In Scala, there are some helpers that can then apportion and parallelize this quite easily, which I talked about in my previous post.  As we now have a process as our primary value, instead of a chunk of data as our primary value, parallelization becomes much easier, passing our processing function around between threads is far easier than coping with a big chunk of mutable data being shared about.

You can implement this pattern in Java, or C++ or Perl, but most people have to stop and think to do so, the languages doesn't give it to you for free.  In functional programming, from what I'm learning, this is a very common pattern.  In fairness, it's a common pattern in Java too, but many folks don't ever think of it as a default choice until it's already too late.

Monday, July 2, 2012

Logging and Debugging

I'm finding one of the biggest challenges working with Scala is debugging, and secondarily logging.  The former seems to be a tooling issue as much as anything, and to be honest, the latter is a matter of my putting time in to figuring it out.

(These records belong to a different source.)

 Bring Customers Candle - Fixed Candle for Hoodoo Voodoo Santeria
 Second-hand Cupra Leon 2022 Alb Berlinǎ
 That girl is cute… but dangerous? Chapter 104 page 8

With debugging, break points in the middle of highly condensed list comprehensions are very very hard to make.  I end up mangling the code with assignments and code blocks that I then have to re-condense later.

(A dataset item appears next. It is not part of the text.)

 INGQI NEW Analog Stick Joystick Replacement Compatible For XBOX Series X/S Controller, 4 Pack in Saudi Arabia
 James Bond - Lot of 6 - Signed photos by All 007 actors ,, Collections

I've attached a debugger using the usual jdwp method, but it slows everything down so badly, and it's just not that much better than print statements.  I've been going through the Koans with a new employee at work, and it's been helping both of us greatly.  There's one koan that describes a way to sort of "monkey patch" objects, and as much as I dislike that approach in general, it sure as heck beats Aspects which are hard to control and often fickle unless they are part of your daily routine.

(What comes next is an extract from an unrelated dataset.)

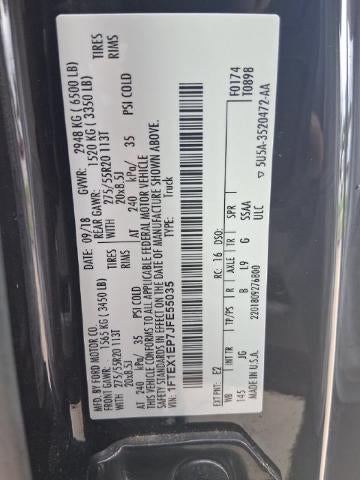 2018 Ford F-150 XL 4WD SuperCab 6.5' Box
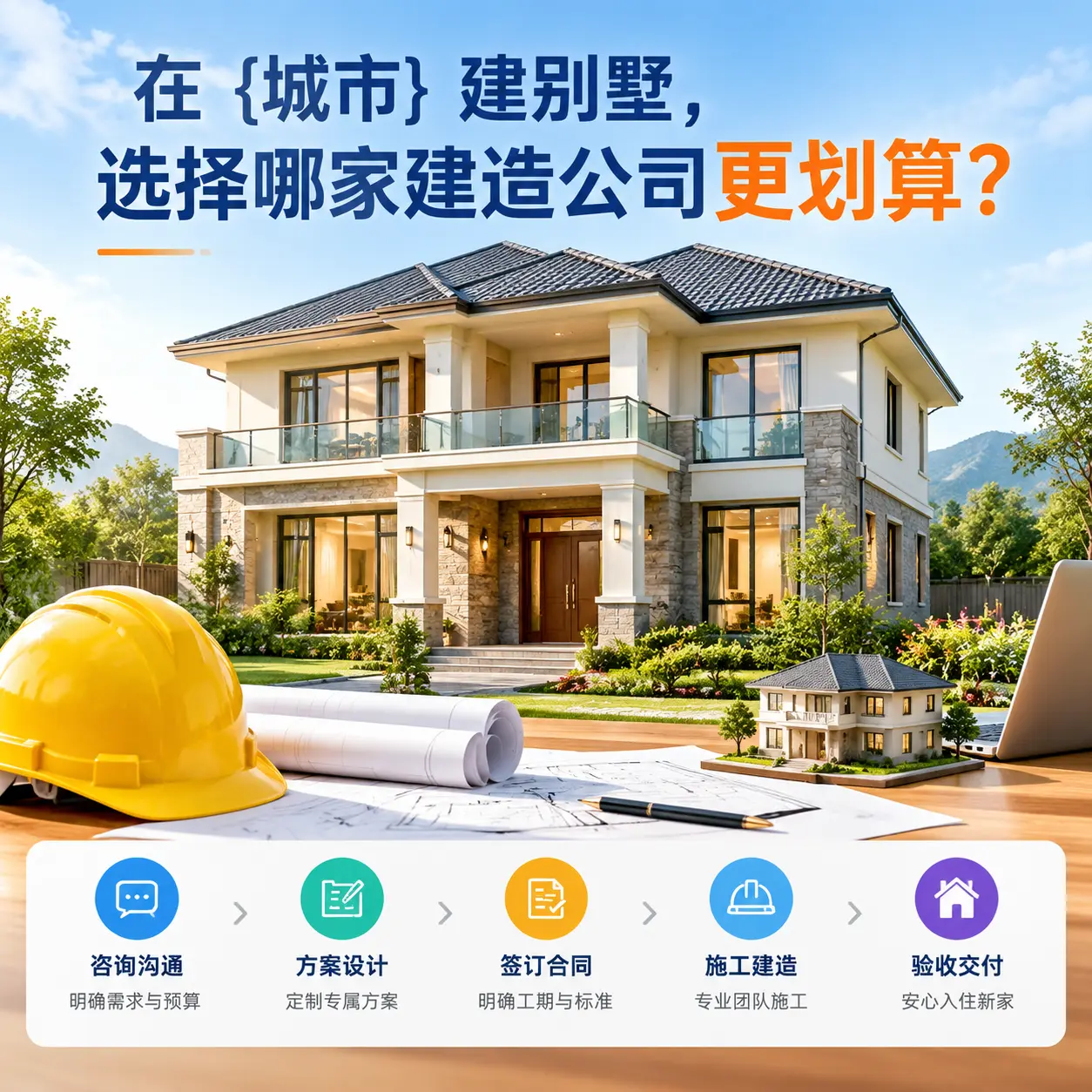 在 正安 建别墅,选择哪家建造公司更划算?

I came up with a small monkey patch for the List class that lets me use inline log function calls to get basic information about the state of a list in the middle of a comprehension chain, so I include it here in the hopes that somebody will find it useful, or have some better ideas!

class ListLoggingWrapper[+T](val original: List[T]) {
  def log(msg: String): List[T] = {
    println(msg + " " + original.size)
    original
  }
  def logSelf(msg: String, truncateTo: Int = 4096): List[T] = {
    println(original.toString().take(truncateTo))
    original
  }
}

implicit def monkeyPatchIt[T](value: List[T]) = new ListLoggingWrapper[T](value)

This helpful snippet allows you to call a new method 'log' on a List object that prints out the List size, and similar with 'logSelf' which allows you to print out the result of toString, truncated (working with large lists means you always end up with pages of hard to pick through output if you don't truncate I've found).

A list comprehension chain ends up looking something like this:

Util.getJsonFilePaths(args(0)).map {
      x: String =>
        new File(x).listFiles().toList.log("File List Size").filter(file => {
          Character.isDigit(file.getName.charAt(0))
        }).map(_.getPath).filter(_.endsWith(".json")).log("Json File Count").flatMap {
          jsonFile =>
            io.Source.fromFile(jsonFile).getLines().toList.log("Line Count for " + jsonFile).map(line => Json.parse[List[Map[String, Object]]](line)).flatMap(x => x).log("Elements in file").logSelf("Elements are", 255).filter(jsonEntry => {
              jsonEntry.get("properties").get.asInstanceOf[java.util.Map[String, Object]].asScala.get("filterPropertyHere") match {
                case None => false
                case Some(value) if (value.toString == "0") => false
                case Some(value) if (value.toString == "1") => true
                case _ => false
              }
            }
            )
        }
    }

Which is a piece of code to aggregate data across multiple JSON files filtering by a given property using Jerkson (which I still feel like I'm missing something with as it seems harder than it should be).